Album: Taking Back Sunday – Happiness Is
By Ruby Hoffman
Released 18th March, 2014
Hopeless Records
7.5/10
Taking Back Sunday returns with Happiness Is, the band’s follow-up to 2011’s self-titled album. As well as being their first album released on an indie record label (Hopeless) since 2004’s Where You Want To Be, this album appears to get back the emo pop punk roots that made them famous. While this similarity of sounds will certainly make long time fans happy, the album doesn’t give the impression that Taking Back Sunday has simply resorted to this formulaic approach. In fact, it feels somewhat like a homecoming, as track ‘Stood a Chance’ suggests with the lyric ‘you’re going forward looking back’.

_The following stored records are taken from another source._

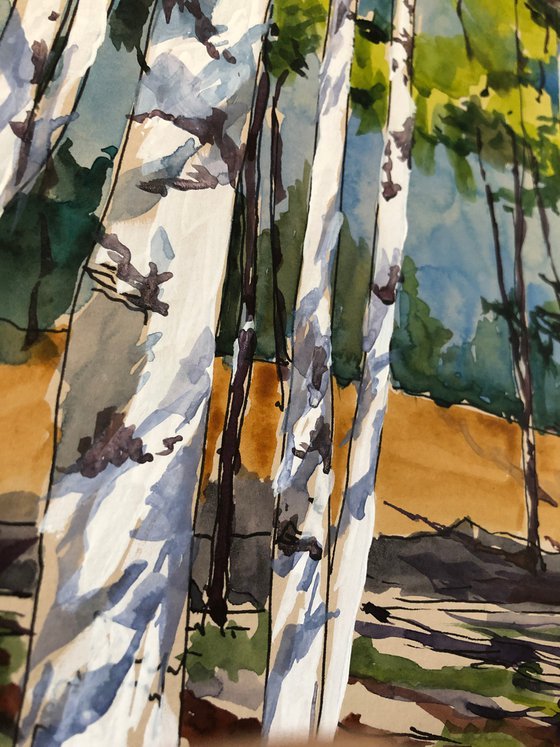 Birches. Shadows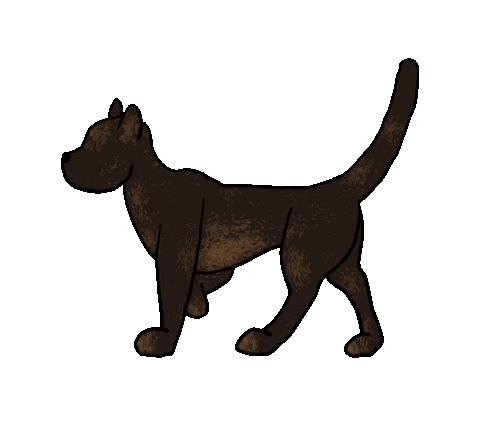 awongisright giphyupload cat dancing spooky Sticker
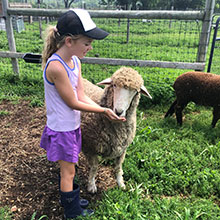 Farm camp summer 2025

While Adam Lazzara clearly hasn’t lost his propensity for angst-ridden lyrics, he almost seems to mock this stereotype in ‘They Don’t Have Any Friends’ when he sings “I keep my head down and hope for a hit / open the flood gates for all those smug little kids / it’s not their fault / they don’t have any friends / they can’t help themselves / undressing themselves / alone in their room / thinking that no one will ever love them”. The album focuses on Lazzara’s attempt to cope with broken relationships and unfulfillment despite his success (‘I can’t believe how strange it is to be alive right now”). Granted, lyrics such as “I’ll take you anywhere you want to go’ from ‘Beat Up Car’ aren’t exactly the most inventive or original in the book, and lot of the songs don’t seem that dissimilar from one another (one other complaint- there is genuinely no reason to have included instrumental introduction ‘Preface’, which encompasses about thirty seconds of forgettable noise). However, Lazzara’s unmistakable voice and the collusion of instrumentals from all the original members of the band show that the method Taking Back Sunday has is still working, and the reminiscence the listener gets of past songs and albums is reassuring- they’ve still got it.